*PROBLEM REQUIREMENTS:*
Below are some records. Print exactly the lines between the one holding "Holiday apartment with" and the one holding "2007 NISSAN MAXIMA", inclusive, and nothing else.

[INFORMATION Boundary: Start]

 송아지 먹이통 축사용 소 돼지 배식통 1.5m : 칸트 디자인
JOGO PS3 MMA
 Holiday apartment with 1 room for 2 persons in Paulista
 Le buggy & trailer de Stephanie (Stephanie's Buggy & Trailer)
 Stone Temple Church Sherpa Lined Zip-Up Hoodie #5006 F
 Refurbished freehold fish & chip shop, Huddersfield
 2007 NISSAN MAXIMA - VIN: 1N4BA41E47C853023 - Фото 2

[INFORMATION Boundary: End]
[INFORMATION Boundary: Start]

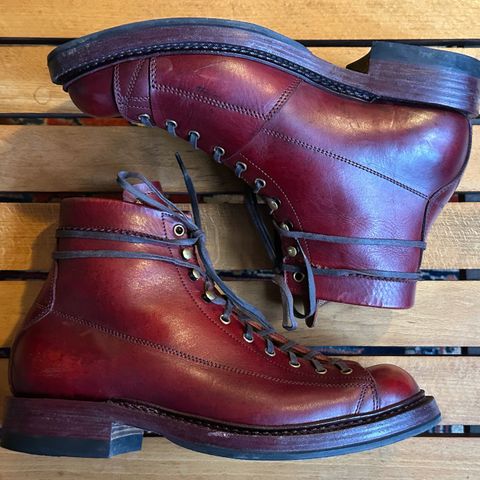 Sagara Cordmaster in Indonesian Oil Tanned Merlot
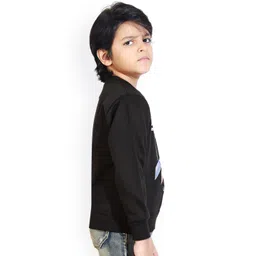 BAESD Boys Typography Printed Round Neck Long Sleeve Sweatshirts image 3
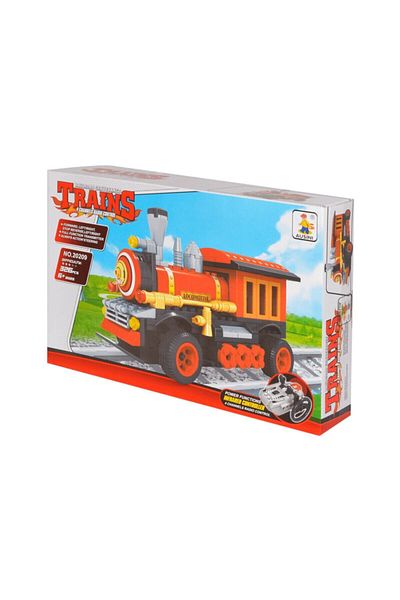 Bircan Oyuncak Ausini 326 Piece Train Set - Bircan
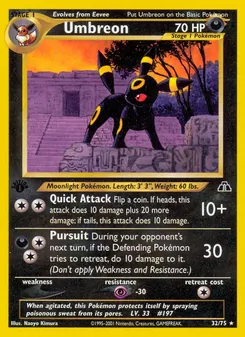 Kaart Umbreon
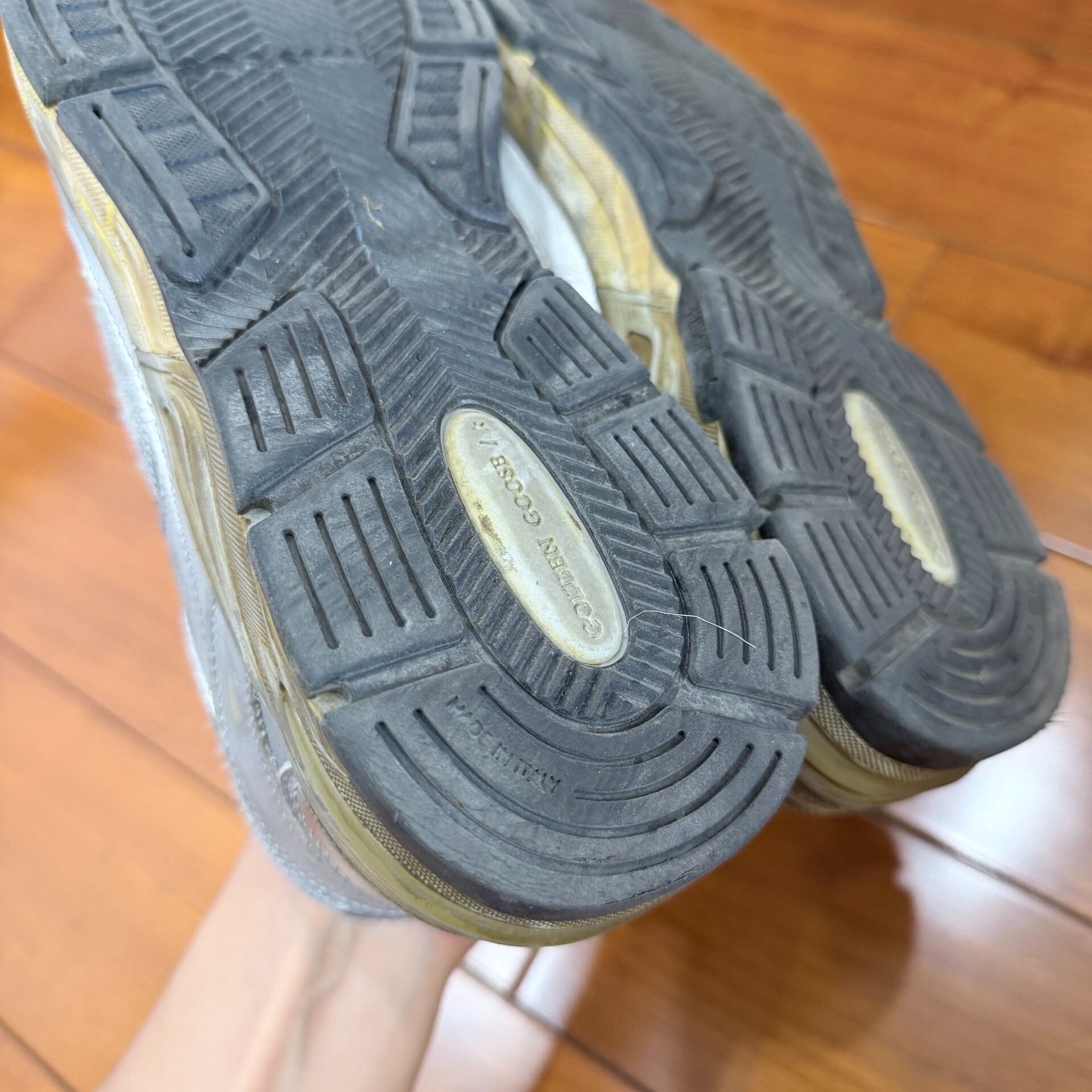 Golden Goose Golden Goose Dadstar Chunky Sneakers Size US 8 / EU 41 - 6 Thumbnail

[INFORMATION Boundary: End]

*TASK ANSWER:*
 Holiday apartment with 1 room for 2 persons in Paulista
 Le buggy & trailer de Stephanie (Stephanie's Buggy & Trailer)
 Stone Temple Church Sherpa Lined Zip-Up Hoodie #5006 F
 Refurbished freehold fish & chip shop, Huddersfield
 2007 NISSAN MAXIMA - VIN: 1N4BA41E47C853023 - Фото 2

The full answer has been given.